🐧 🏐 🤦🏿 MySQL: Execution Cannot Be Pardoned 🤾🏻 🛠️ 🕟

The website and online store "Eldorado" is about 40 thousand purchases every day. There is probably no need to explain what this means for the company's business.

Historically, the store runs on the Bitrix engine with a huge amount of custom code and add-ons. The storage is a MySQL cluster with four master servers.

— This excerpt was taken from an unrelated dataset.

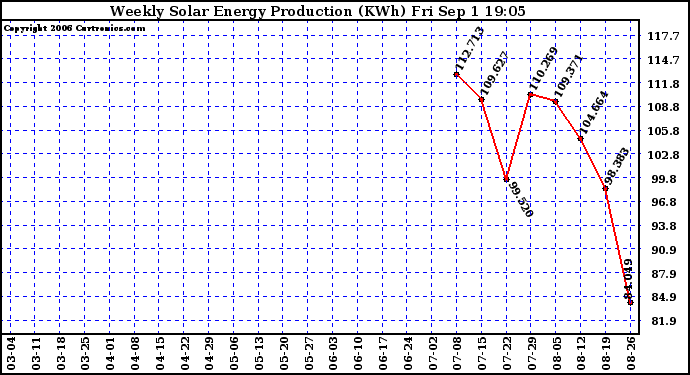 Solar PV/Inverter Performance Weekly Solar Energy Production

A significant number of companies have monolithic applications, and many have to work with them. There are plenty of ways to deal with the monolith, but, unfortunately, few people write about successful ones. I hope that the story about how we prop up our monolith (until we saw it) will be of interest to you.

We are well aware that massive architecture can bring a lot of problems. But it is easy to destroy it, by a simple strong-willed decision, it is impossible: sales are going, the site must work, changes for users must not be radical. Therefore, the transition from a monolith to a set of microservices takes time, which we need to hold out: to ensure the system is operational and its resistance to stress.

What was the problem

For a very long time, the database cluster on the eldorado.ru website was built according to the following scheme:

All masters in this scheme work simultaneously and all are in active mode, sequentially playing the replication stream ... M1-> M2-> M3-> M4-> M1 -> M2-> M3-> M4-> M1-> M2 ...

In our setup, this configuration gave the only plus - it allowed the system to work and keep its load. The fact is that the application request balancer, after any update to ensure consistency, switches the entire read stream to this master, and one master was once not enough to hold the entire read stream.

But such a scheme could not provide either reliability or speed of work. Although it looked simple, it had a number of flaws. She was very slow to update data in the cluster: in the worst case, there were up to five replication arms (depending on which master the changes were initially initiated on). Due to these delays, many problems arose both in the operation of the site and when placing orders in the online store.

Cons of this scheme :

The slaves of the zone farthest from the active master receive data updates in the worst case only after 4 times the transaction execution time, sometimes there were frenzied replication delays;
Any failure on any of the masters leads to data inconsistency throughout the cluster until it is eliminated;
(- — );
;
, ( , , );
UPDATE/DELETE SELECT ;
, slave_status seconds_behind_master.

You can emulate this behavior in your test environments by enabling an artificial replication delay of 1-2 seconds on the slaves (which we did), this is a great way to test your application for readiness for such distributed architectures via the MASTER_DELAY = N option.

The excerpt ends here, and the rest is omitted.